I was recently approached on the street by someone who urged me to come to a "tea party" at our state capitol to protest high taxes. I told her that I resented her usurping a symbol of our history and using it to represent something that it never represented in history.
"But, the Boston tea party was about taxes," she replied. "No," I corrected "it was about taxation WITHOUT REPRESENTATION. Last I checked I got to vote."
Her argument immediately shifted. She said she'd called her congressman and he was not responsive to her concerns about the deficit. She was now just exercising her rights to peacefully protest unresponsive leaders and their lack of concern about deficit spending.
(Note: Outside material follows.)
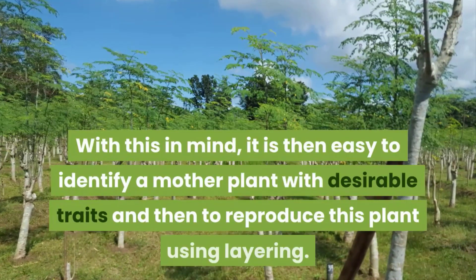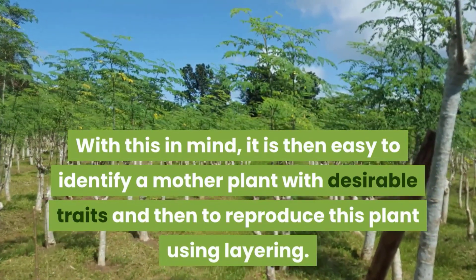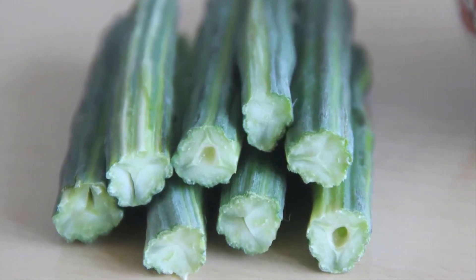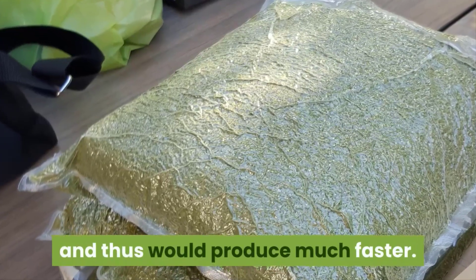Air layering of a plant is a way of clonal propagation, which means that the new plant will display the exact same traits as that of the mother plant it was taken from. With this in mind, it is easy to identify a mother plant with desirable traits and reproduce it using layering. Clonal propagation has an added advantage in that plants propagated this way will not have a juvenile phase, and thus would produce much faster.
I have no problem with people making their voice heard, even though she is still misappropriating a symbol from American history. Now, however, she was protesting neither taxation nor lack of representation and I still disagreed with her. So, I explained that I believed we should have good roads, great schools, a strong military, and well funded security regulators and now was not the time to raise taxes to pay for those things.
Her argument shifted again. Suddenly she was talking about Michigan State Legislators pensions and how lavish they were. That kind of spending, she explained, was why we needed to restrain taxes. I would have pointed out to her that she'd switched to the state which could not run deficits, asked if she wanted to attract the best and brightest to the legislature, etc. but my wife dragged me away and her argument would have just shifted again.
I'm left unsatisfied. So, tea partiers, what exactly are you protesting?